Even just with PATHs or aliases, or a new binary entirely.

And I'm a person who is no stranger to dot-configs. I've never taken it as far
as Z(1), [https://github.com/rupa/z](https://github.com/rupa/z).

A system builtin is stuff you'd see stowed away in /bin. They are essential
low level binaries you have to trust. If somehow a malicious ls got out there,
nothing's stopping people from writing memory-safe malware that uploads your
$HOME configs to some server in a far away land.

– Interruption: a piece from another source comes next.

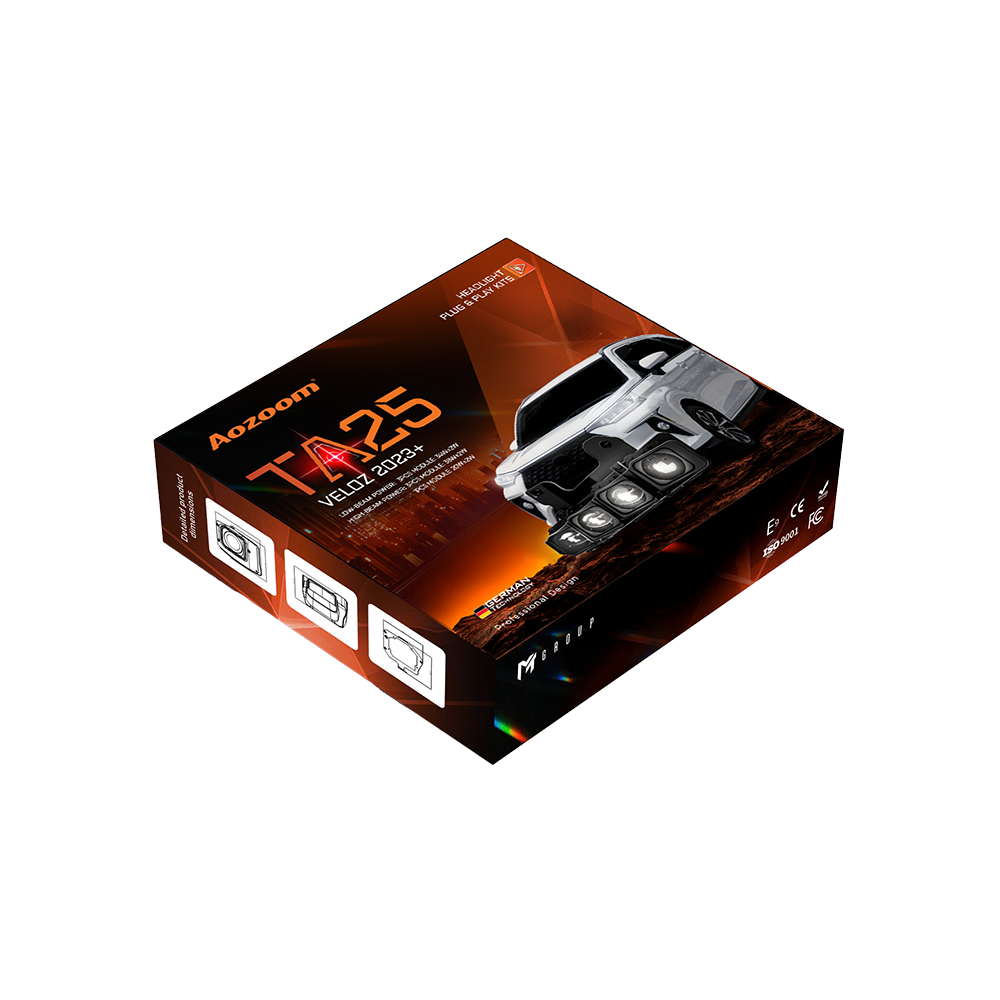 TA25 VELOZ 2023+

The more I say this, I guess defaulting to a substitute for a builtin command
doesn't matter. The average developer relies on so much third party stuff in
their shell, vim, package manifests, and so on that all these years could have
done bad stuff, nothing has happened.

Maybe it's my defense mechanism firing that my own dot-config has grown so big
I don't remember what the hell's in it anymore.

In fact, it's a common thing for terminal applications to accept environmental
variables to use third party applications. For instance, $EDITOR, and less
often (but no less useful): $PAGER. You can give it a shot with most(1) [1], I
mention it in my book, _The Tao of tmux_ [2] (available free to read online).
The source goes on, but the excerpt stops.